= Task details =
Return the following from the records below: each line, word for word, starting with the line that contains "Welcome to class" and going on through the line that contains "Hi everyone, welcome", with nothing outside that range.

= Data to use =
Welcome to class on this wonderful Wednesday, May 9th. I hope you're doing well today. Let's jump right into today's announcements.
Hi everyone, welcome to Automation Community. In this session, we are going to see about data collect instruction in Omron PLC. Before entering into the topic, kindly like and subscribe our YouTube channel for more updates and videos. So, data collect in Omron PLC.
==
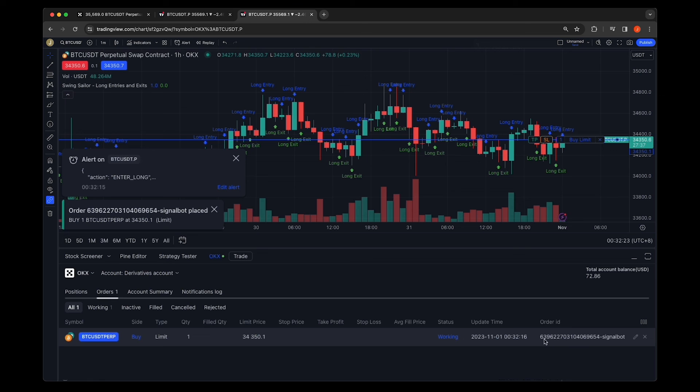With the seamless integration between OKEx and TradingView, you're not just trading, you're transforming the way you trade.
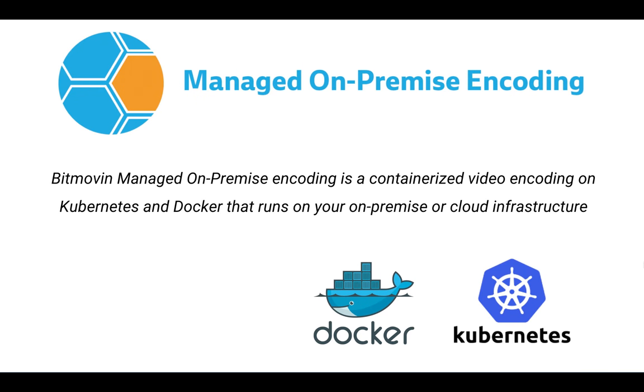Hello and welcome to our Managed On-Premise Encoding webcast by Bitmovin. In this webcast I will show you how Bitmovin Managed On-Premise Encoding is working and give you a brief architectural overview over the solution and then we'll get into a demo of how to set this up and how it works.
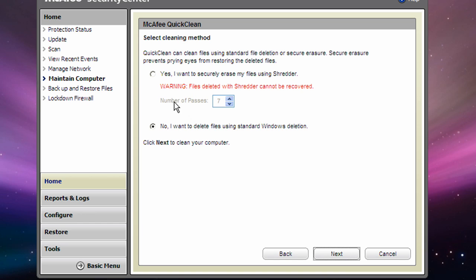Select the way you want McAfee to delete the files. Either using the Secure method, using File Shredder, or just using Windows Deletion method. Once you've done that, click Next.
---
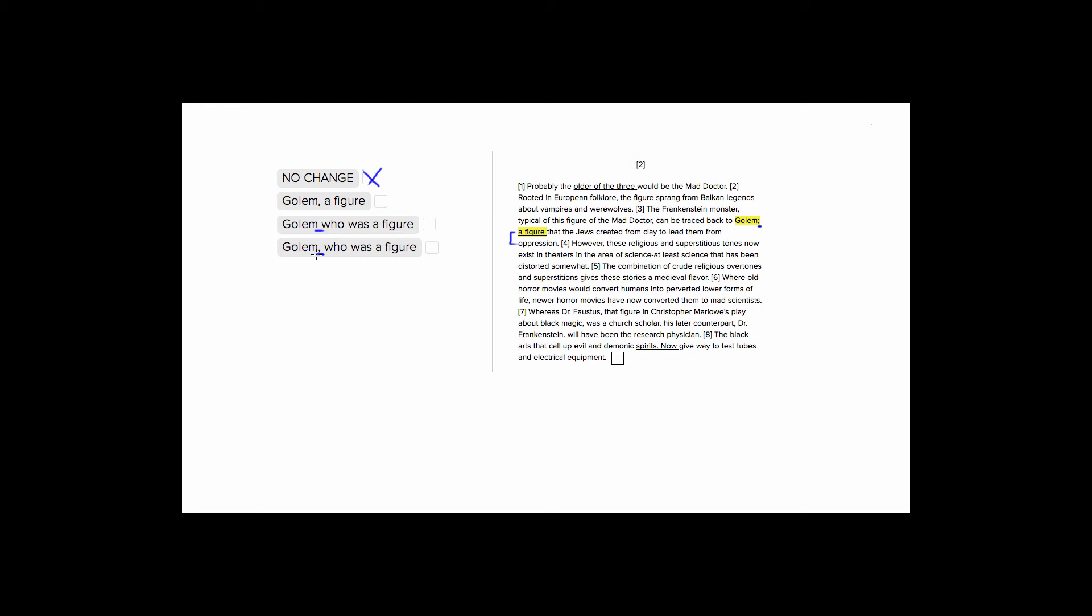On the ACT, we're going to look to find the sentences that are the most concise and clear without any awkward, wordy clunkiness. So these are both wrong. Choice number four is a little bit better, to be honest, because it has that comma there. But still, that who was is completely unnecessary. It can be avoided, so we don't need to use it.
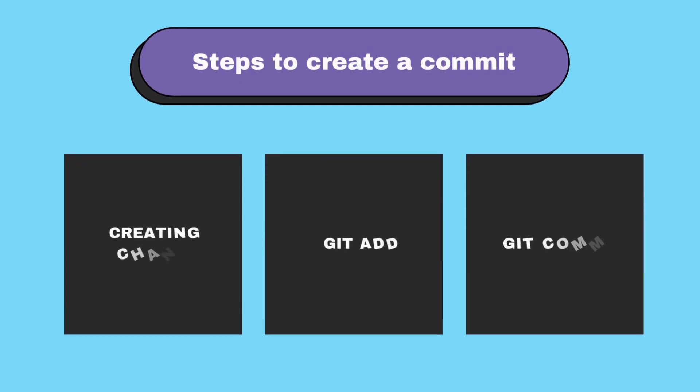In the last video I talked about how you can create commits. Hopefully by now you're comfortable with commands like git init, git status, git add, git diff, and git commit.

= Response to the task =
Welcome to class on this wonderful Wednesday, May 9th. I hope you're doing well today. Let's jump right into today's announcements.
Hi everyone, welcome to Automation Community. In this session, we are going to see about data collect instruction in Omron PLC. Before entering into the topic, kindly like and subscribe our YouTube channel for more updates and videos. So, data collect in Omron PLC.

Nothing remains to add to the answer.